### TASK PROMPT:
Exact transcription begins at the first line of the material below and ends with the line holding "VW Touran 44.600"; pictures are skipped.

### DATASET:
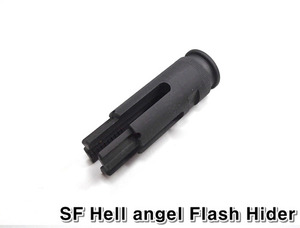 SF Hell angel Flash Hider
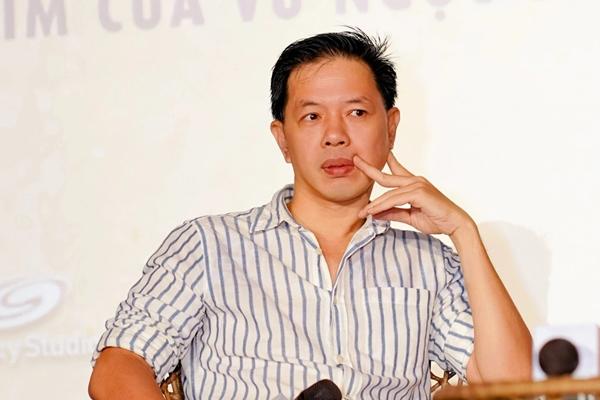 Vua phòng vé Thái Hòa: Diễn viên triệu đô, 25 năm không danh hiệu?-5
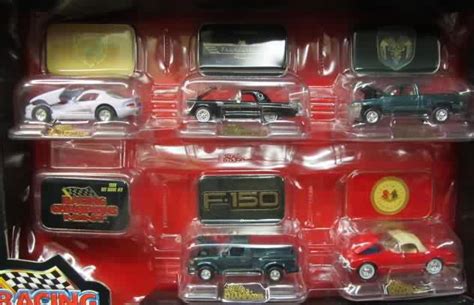 racing champions antique collectible diecast cars trucks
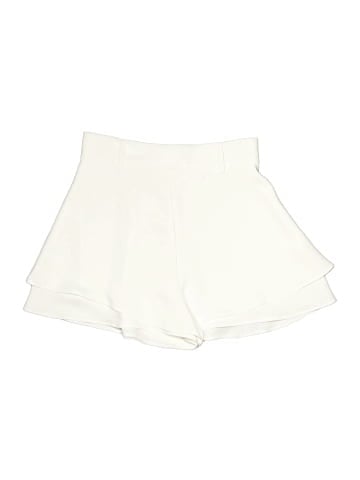 Lavender Brown Skort (view 1)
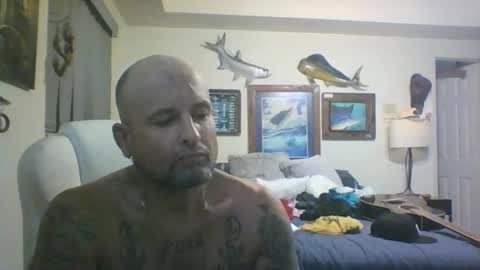 Snapshot of krisdaviddemblans55 chatting on March 2025 04:19:01 AM Kristian online show from March 2025 04:19:01 AM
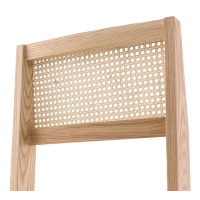 Réplica silla Chandigarh del diseñador Pierre Jeanneret 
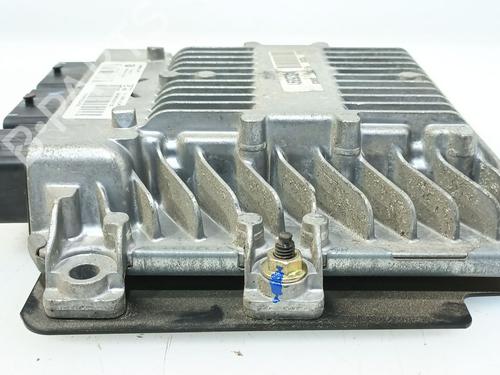 Engine control unit (ECU) PEUGEOT 307 CC (3B) 2.0 HDi 135 | BP32232771M57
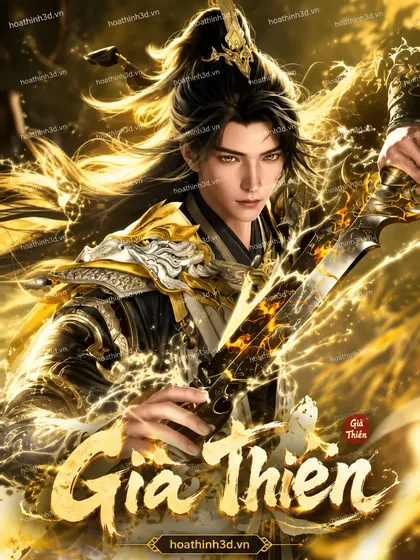 Già Thiên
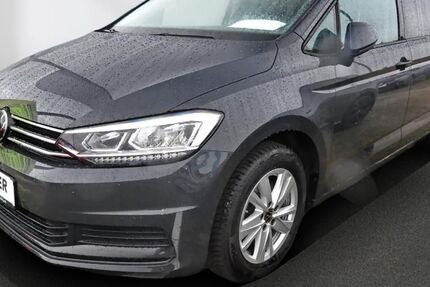 VW Touran 44.600 km 29.880 &euro; Bad Segeberg 23795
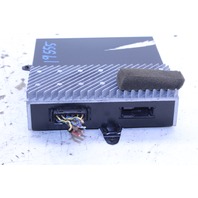 1995 BMW 525i Audio Amp Amplifier 8360761 OEM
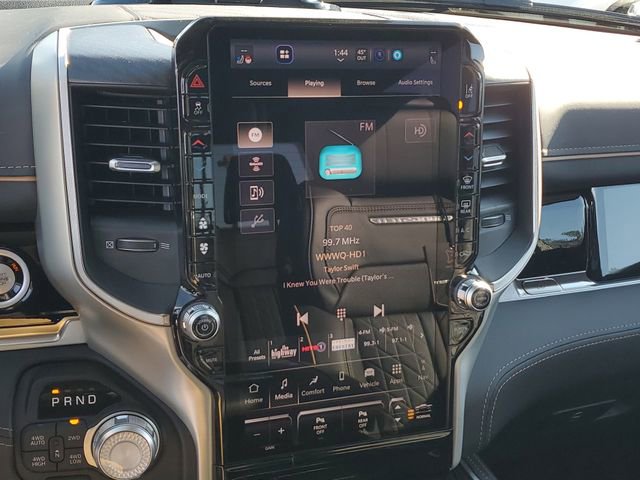 New 2026 RAM 1500 Tungsten image 31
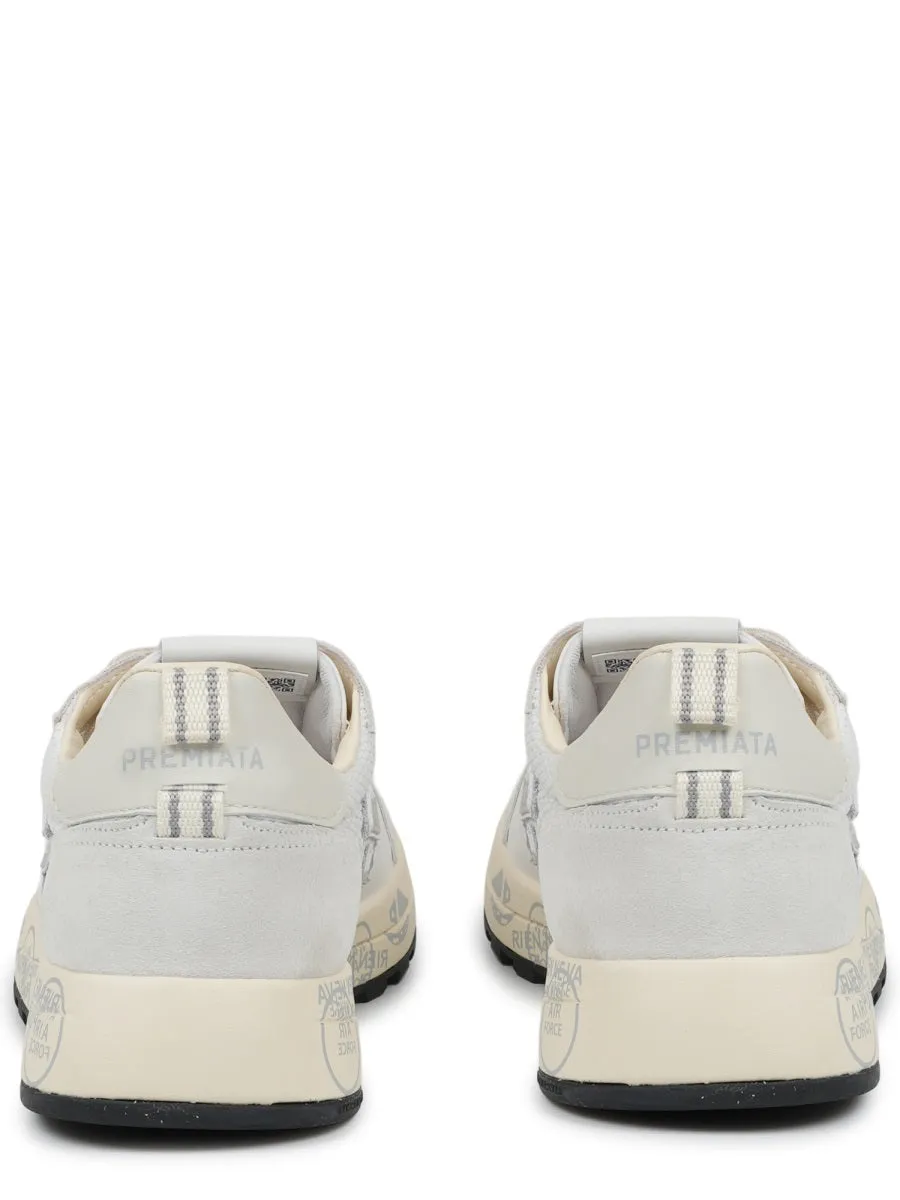 Sneaker "Nous" sold by Wanan Luxury product image thumbnail 4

### SOLUTION:
 SF Hell angel Flash Hider
 Vua phòng vé Thái Hòa: Diễn viên triệu đô, 25 năm không danh hiệu?-5
 racing champions antique collectible diecast cars trucks
 Lavender Brown Skort (view 1)
 Snapshot of krisdaviddemblans55 chatting on March 2025 04:19:01 AM Kristian online show from March 2025 04:19:01 AM
 Réplica silla Chandigarh del diseñador Pierre Jeanneret 
 Engine control unit (ECU) PEUGEOT 307 CC (3B) 2.0 HDi 135 | BP32232771M57
 Già Thiên
 VW Touran 44.600 km 29.880 &euro; Bad Segeberg 23795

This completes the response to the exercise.